Sellers, also coordinator of the Leopold Center for Sustainable Agriculture's Iowa Grassland Agriculture Program, says he recognizes that conservation and farm profitability must go hand-in-hand in order to be successful. He started planting switchgrass not in search of the next big energy source, but because of its practical applications to his operation.

"Switchgrass is highly adaptive. You can grow it from the Rocky Mountains of Canada all the way to the Gulf of Mexico. It was promoted for its wildlife benefits and all of that years ago. I started planting it in 1980 and was just interested in it at first as warm-season grazing and a wildlife habitat, and it kind of went from there," Sellers says. "Then, when switchgrass was recognized as having the best potential for energy, the focus started to shift."

That focus today, at least in southern Iowa, has blossomed into a new use for switchgrass that has fueled a whole new industry's development.
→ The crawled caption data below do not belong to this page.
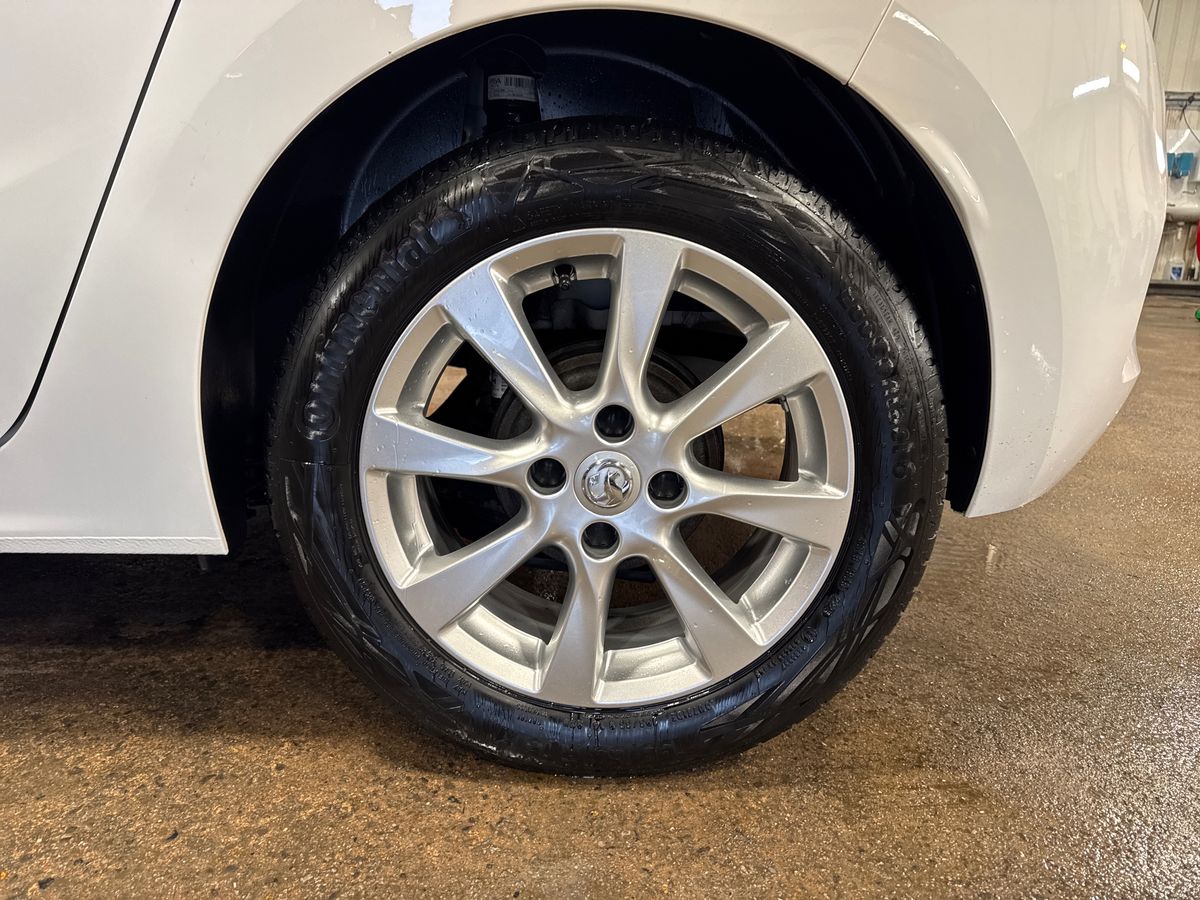 Used Vauxhall Corsa 2023 for sale - 77911258: Photo 13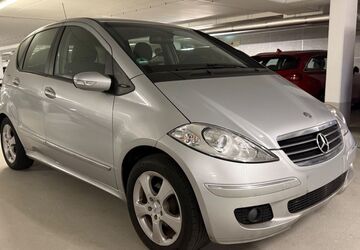 Mercedes-Benz A 150 170.000 km 3.000 &euro; Essen 45326
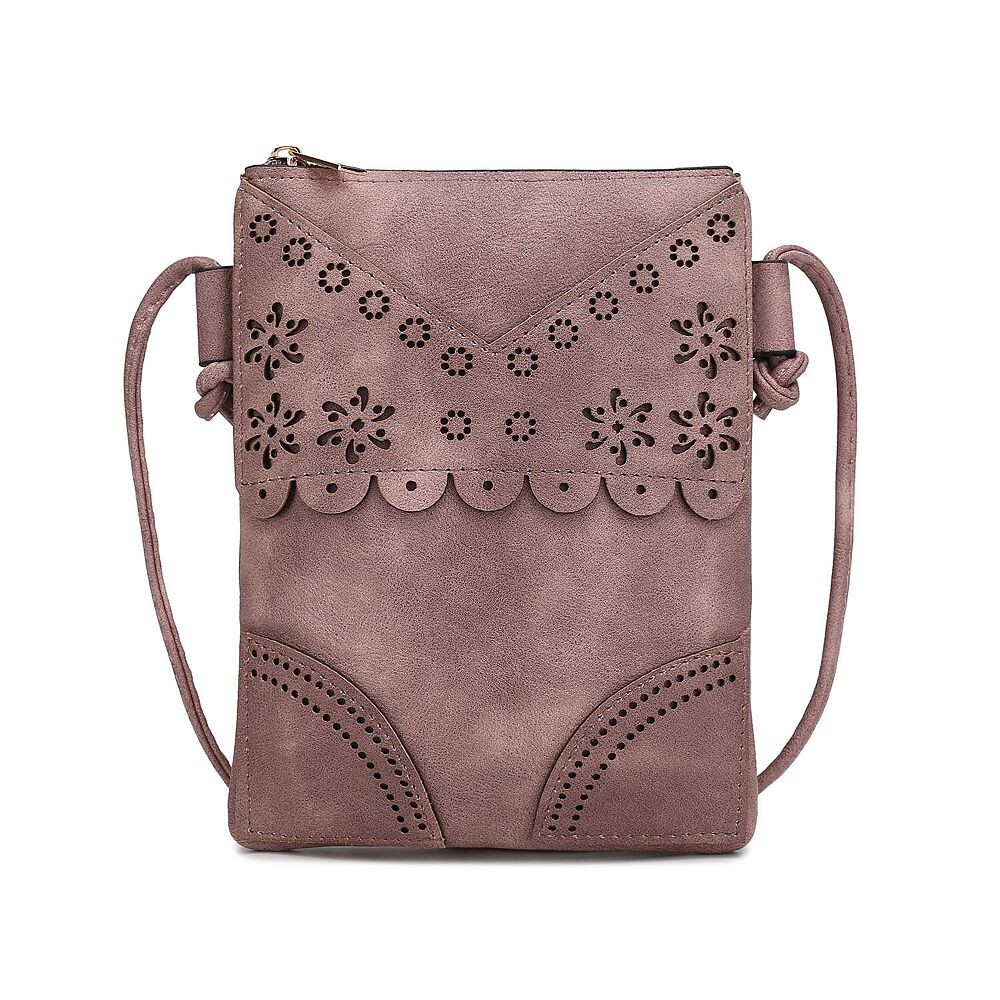 Сумка через плечо Amentia из коллекции Mkf от Mia K MKF Collection, цвет Rose, Розовый, Сумка через плечо Amentia из коллекции Mkf от Mia K MKF Collection, цвет Rose
Сумка через плечо Amentia из коллекции Mkf от Mia K MKF Collection, цвет Rose, Розовый, Сумка через плечо Amentia из коллекции Mkf от Mia K MKF Collection, цвет Rose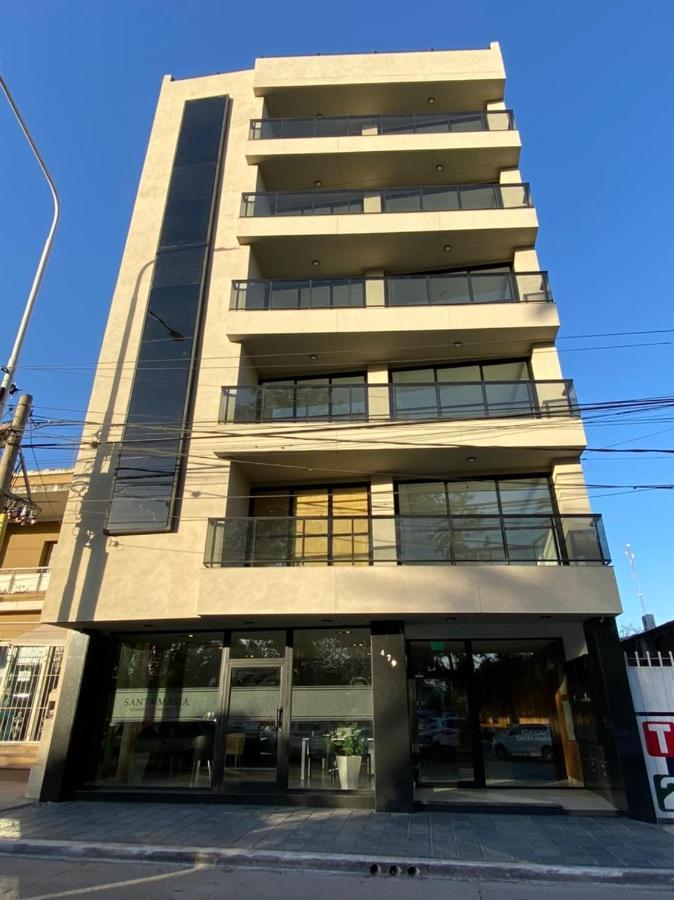 Departamento Amoblado Apartment Perico Bagian luar foto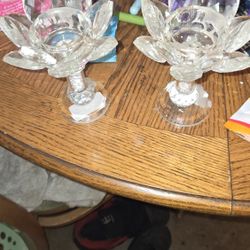 Candle Holders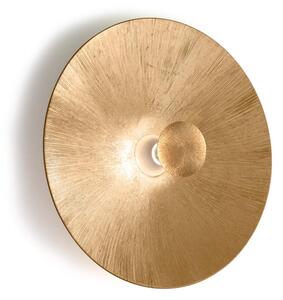 Kolarz A1306.61XL.3.SunAu - Applique MOON 1xE27/100W/230V oro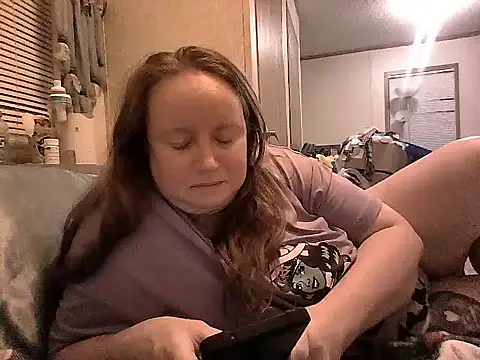 KittyKat40 online show from June 27, 9:32 am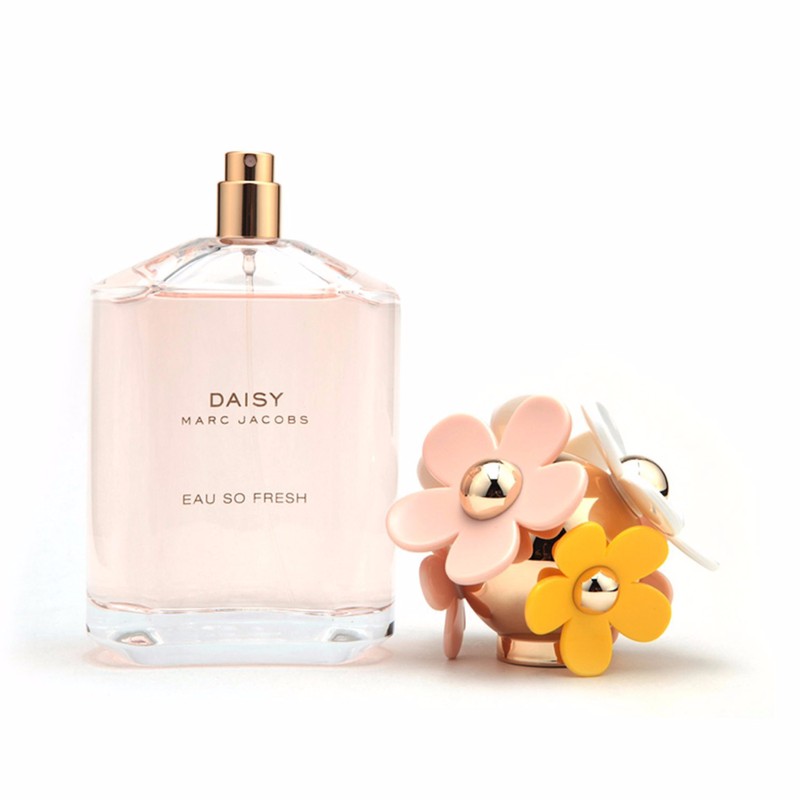 [HCM]Nước hoa nữ MARC JACOBS Daisy Eau So Fresh EDT 125ml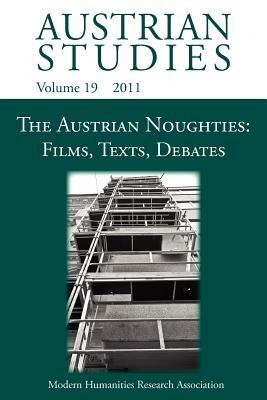 The Austrian Noughties - cover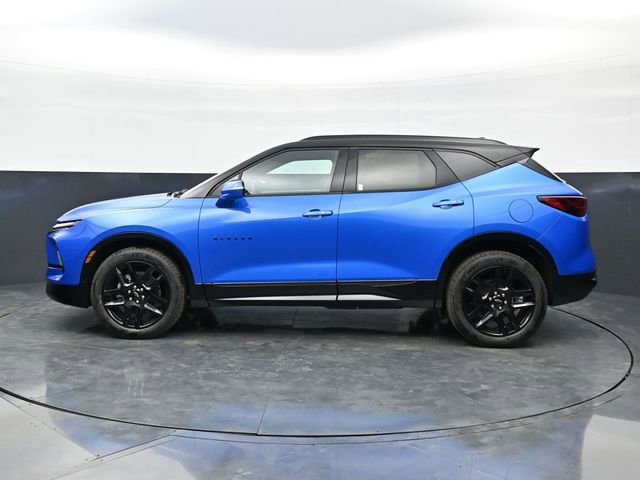 New 2026 Chevrolet Blazer RS w/ Enhanced Convenience Package image 5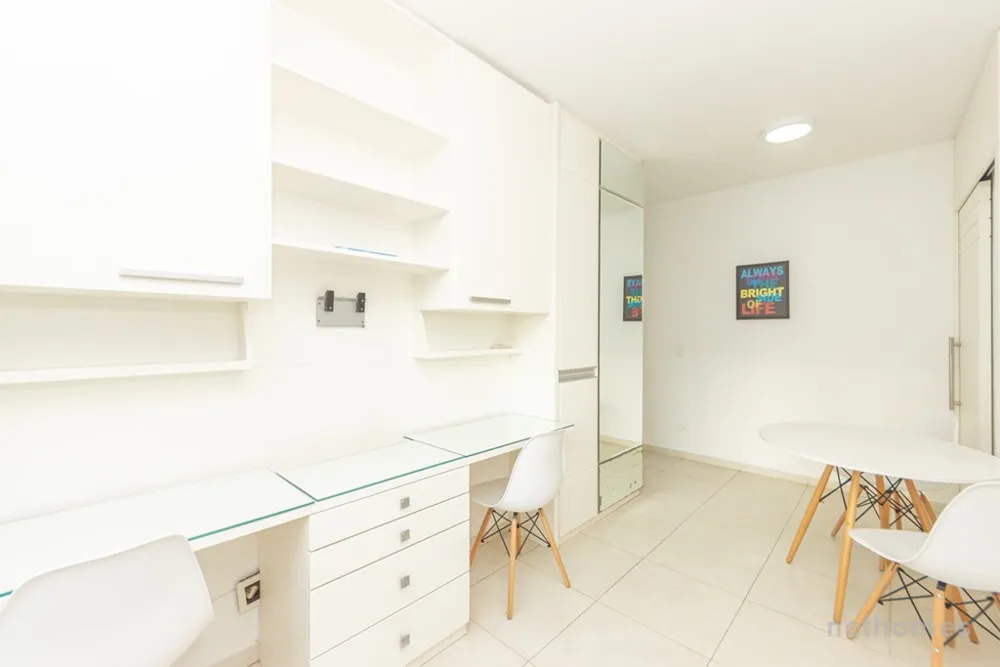 Apartamento, 1 quarto, 34 m² - Foto 5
Today, a cooperative group of farmers, Sellers among them, is growing switchgrass for utilization to generate energy alongside coal in the Ottumwa Generating Station in Chillicothe, just over 50 miles east of Corydon. The growers comprise the Chariton Valley Biomass Project, part of Chariton Valley Resource Conservation and Development, a U.S. Department of Agriculture-funded system for conservation encompassing Lucas, Wayne, Appanoose and Monroe counties in southern Iowa.

Burning switchgrass for energy

Today, more than 3,000 acres in southern Iowa is planted to switchgrass. The U.S. Department of Energy is working with the Chariton Valley group, providing periodic grant funding for research and development to help determine switchgrass' prospects for more widespread and regular use as an energy crop.

Switchgrass, which is sold through power purchase agreements directly to the energy plant, comprises 2.5 percent of the total resource input at the Ottumwa energy facility. When entering the plant, the grass is debaled and ground, yielding finely chopped dry matter that is injected into boilers much the same way powdered coal is injected in conventional plants.

"It goes into a big blower and it's transported pneumatically up into a boiler, then from its own nozzle, blown into the firebox," Sellers says. "The coal is going in on its own stream, and we're pouring in through our own stream."

To date, Sellers says no decline in the plant's energy efficiency has been observed with co-firing switchgrass and coal.

"We've had experts test every aspect of that facility's operations, and that plant hasn't shown a difference so far," he says. "We don't expect that plant to even know it's there."

At the 700-megawatt energy plant, Sellers says 55,000 3- by 4- by 8-foot square bales must be produced to consistently meet the input quota. Because of the costs associated with growing switchgrass, combined with the low cost of coal, it is a constant challenge to find ways to bolster production efficiency to cost effectively meet energy demands.

"Unfortunately, coal is dirt cheap, and it's going to stay dirt cheap. A baler costs $75,000, and you don't have an electric plant on every street corner. We have to truck it 55 miles from here to the plant," Sellers says. "We've pushed it and applied more nitrogen early in the growing season just to see what the soil is capable of. Four tons per acre is where it cash flows, but we can raise as much as six tons/acre."

Utilizing switchgrass for energy has another avenue for the future: Ethanol. With cellulose ethanol technology on the verge of reaching the mainstream, switchgrass could be an alternative to more conventional ethanol production methods, according to Sellers.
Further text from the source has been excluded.